REQUIRED WORK
From the records below, extract only the lines running from the line with "Simfoni 1 untuk" to the line with "Le Barchette 1 piano terra", both lines included, reproducing them exactly.

AVAILABLE DATA
◆ ◆ ◆ ◆ ◆

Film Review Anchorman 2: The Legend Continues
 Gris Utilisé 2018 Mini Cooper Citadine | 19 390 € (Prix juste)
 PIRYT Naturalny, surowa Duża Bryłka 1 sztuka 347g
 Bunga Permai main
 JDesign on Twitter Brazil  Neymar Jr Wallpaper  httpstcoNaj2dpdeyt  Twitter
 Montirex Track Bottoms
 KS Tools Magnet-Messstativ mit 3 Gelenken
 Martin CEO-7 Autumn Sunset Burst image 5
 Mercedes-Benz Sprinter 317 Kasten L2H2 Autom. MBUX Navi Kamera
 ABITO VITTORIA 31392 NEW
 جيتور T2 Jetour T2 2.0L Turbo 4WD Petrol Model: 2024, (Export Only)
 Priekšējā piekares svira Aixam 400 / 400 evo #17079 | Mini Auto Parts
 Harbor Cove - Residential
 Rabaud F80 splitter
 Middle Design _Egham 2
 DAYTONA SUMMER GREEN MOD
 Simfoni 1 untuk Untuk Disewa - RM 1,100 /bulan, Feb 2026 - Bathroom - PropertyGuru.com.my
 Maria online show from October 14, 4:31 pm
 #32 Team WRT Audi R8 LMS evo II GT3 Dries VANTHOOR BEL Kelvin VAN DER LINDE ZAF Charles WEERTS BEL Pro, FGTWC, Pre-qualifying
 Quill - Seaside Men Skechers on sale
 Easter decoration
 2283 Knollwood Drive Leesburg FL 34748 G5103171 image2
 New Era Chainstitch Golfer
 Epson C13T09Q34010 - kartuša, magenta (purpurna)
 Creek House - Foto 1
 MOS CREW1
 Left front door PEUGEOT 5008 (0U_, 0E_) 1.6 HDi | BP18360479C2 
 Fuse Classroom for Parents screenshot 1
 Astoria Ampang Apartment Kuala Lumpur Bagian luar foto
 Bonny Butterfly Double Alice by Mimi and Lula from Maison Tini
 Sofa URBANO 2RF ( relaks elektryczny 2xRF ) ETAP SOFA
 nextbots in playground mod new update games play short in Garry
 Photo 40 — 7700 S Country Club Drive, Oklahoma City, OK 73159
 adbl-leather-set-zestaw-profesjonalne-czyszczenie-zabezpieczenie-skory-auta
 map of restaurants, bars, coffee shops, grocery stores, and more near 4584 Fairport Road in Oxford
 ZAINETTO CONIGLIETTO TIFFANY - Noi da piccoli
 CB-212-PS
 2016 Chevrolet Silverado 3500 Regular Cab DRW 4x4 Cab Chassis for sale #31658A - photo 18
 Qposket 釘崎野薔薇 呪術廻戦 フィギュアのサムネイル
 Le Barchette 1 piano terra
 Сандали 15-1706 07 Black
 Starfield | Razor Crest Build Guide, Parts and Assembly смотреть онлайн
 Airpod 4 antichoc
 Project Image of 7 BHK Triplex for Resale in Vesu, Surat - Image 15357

◆ ◆ ◆ ◆ ◆

RESULT OF THIS EXERCISE
 Simfoni 1 untuk Untuk Disewa - RM 1,100 /bulan, Feb 2026 - Bathroom - PropertyGuru.com.my
 Maria online show from October 14, 4:31 pm
 #32 Team WRT Audi R8 LMS evo II GT3 Dries VANTHOOR BEL Kelvin VAN DER LINDE ZAF Charles WEERTS BEL Pro, FGTWC, Pre-qualifying
 Quill - Seaside Men Skechers on sale
 Easter decoration
 2283 Knollwood Drive Leesburg FL 34748 G5103171 image2
 New Era Chainstitch Golfer
 Epson C13T09Q34010 - kartuša, magenta (purpurna)
 Creek House - Foto 1
 MOS CREW1
 Left front door PEUGEOT 5008 (0U_, 0E_) 1.6 HDi | BP18360479C2 
 Fuse Classroom for Parents screenshot 1
 Astoria Ampang Apartment Kuala Lumpur Bagian luar foto
 Bonny Butterfly Double Alice by Mimi and Lula from Maison Tini
 Sofa URBANO 2RF ( relaks elektryczny 2xRF ) ETAP SOFA
 nextbots in playground mod new update games play short in Garry
 Photo 40 — 7700 S Country Club Drive, Oklahoma City, OK 73159
 adbl-leather-set-zestaw-profesjonalne-czyszczenie-zabezpieczenie-skory-auta
 map of restaurants, bars, coffee shops, grocery stores, and more near 4584 Fairport Road in Oxford
 ZAINETTO CONIGLIETTO TIFFANY - Noi da piccoli
 CB-212-PS
 2016 Chevrolet Silverado 3500 Regular Cab DRW 4x4 Cab Chassis for sale #31658A - photo 18
 Qposket 釘崎野薔薇 呪術廻戦 フィギュアのサムネイル
 Le Barchette 1 piano terra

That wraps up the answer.